This is wrong: you only want to ignore access to IO BARs for Arm, for
x86 we should keep the previous behavior. Even more if you go with
Jan's suggestions to make bar_ignore_access also applicable to dom0.

> +            if ( rc )
> +                return rc;
> +
>              continue;
>          }
>          if ( (val & PCI_BASE_ADDRESS_MEM_TYPE_MASK) ==
> @@ -535,6 +618,11 @@ static int init_bars(struct pci_dev *pdev)
>          if ( size == 0 )
>          {
>              bars[i].type = VPCI_BAR_EMPTY;
> +
> +            rc = bar_ignore_access(pdev, reg, &bars[i]);
> +            if ( rc )
> +                return rc;

I would be fine to just call vpci_add_register here, ie;

if ( !is_hwdom )
{
    rc = vpci_add_register(pdev->vpci, guest_bar_ignore_read, NULL,
                           reg, 4, &bars[i]);
     if ( rc )
     {
         ...
     }
}

Feel free to unify the writing of the PCI_COMMAND register on the
error path into a label, as then the error case would simply be a
`goto error;`

Thanks, Roger.
Roger Pau Monné Feb. 8, 2022, 9:29 a.m.
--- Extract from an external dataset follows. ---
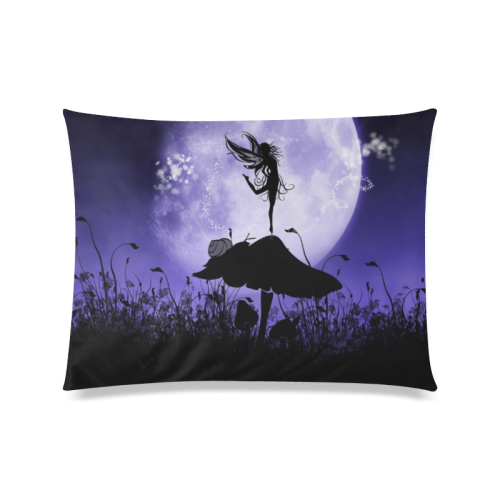 A beautiful fairy dancing on a mushroom silhouette Custom Zippered Pillow Case 20"x26"(Twin Sides)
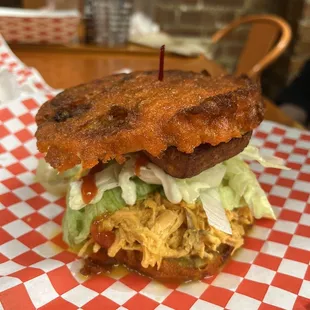 a close up of a sandwich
UTC | #5
On Tue, Feb 08, 2022 at 10:16:59AM +0100, Jan Beulich wrote:
> On 08.02.2022 09:06, Oleksandr Andrushchenko wrote:
> > 
> > 
> > On 07.02.22 19:06, Jan Beulich wrote:
> >> On 04.02.2022 07:34, Oleksandr Andrushchenko wrote:
> >>> +static uint32_t guest_bar_ignore_read(const struct pci_dev *pdev,
> >>> +                                      unsigned int reg, void *data)
> >>> +{
> >>> +    return 0;
> >>> +}
> >>> +
> >>> +static int bar_ignore_access(const struct pci_dev *pdev, unsigned int reg,
> >>> +                             struct vpci_bar *bar)
> >>> +{
> >>> +    if ( is_hardware_domain(pdev->domain) )
> >>> +        return 0;
> >>> +
> >>> +    return vpci_add_register(pdev->vpci, guest_bar_ignore_read, NULL,
> >>> +                             reg, 4, bar);
> >>> +}
> >> For these two functions: I'm not sure "ignore" is an appropriate
> >> term here. unused_bar_read() and unused_bar() maybe? Or,
> >> considering we already have VPCI_BAR_EMPTY, s/unused/empty/ ? I'm
> >> also not sure we really need the is_hardware_domain() check here:
> >> Returning 0 for Dom0 is going to be fine as well; there's no need
> >> to fetch the value from actual hardware. The one exception might
> >> be for devices with buggy BAR behavior ...
> > Well, I think this should be ok, so then
> > - s/guest_bar_ignore_read/empty_bar_read
> > - s/bar_ignore_access/empty_bar
> 
> Hmm, seeing it, I don't think empty_bar() is a good function name.
> setup_empty_bar() or empty_bar_setup() would make more clear what
> the function's purpose is.

I don't think you require an empty_bar_setup helper, the code there is
trivial can be open coded in init_bars directly IMO.

> 
> > - no is_hardware_domain check
> 
> Please wait a little to see whether Roger has any input on this aspect.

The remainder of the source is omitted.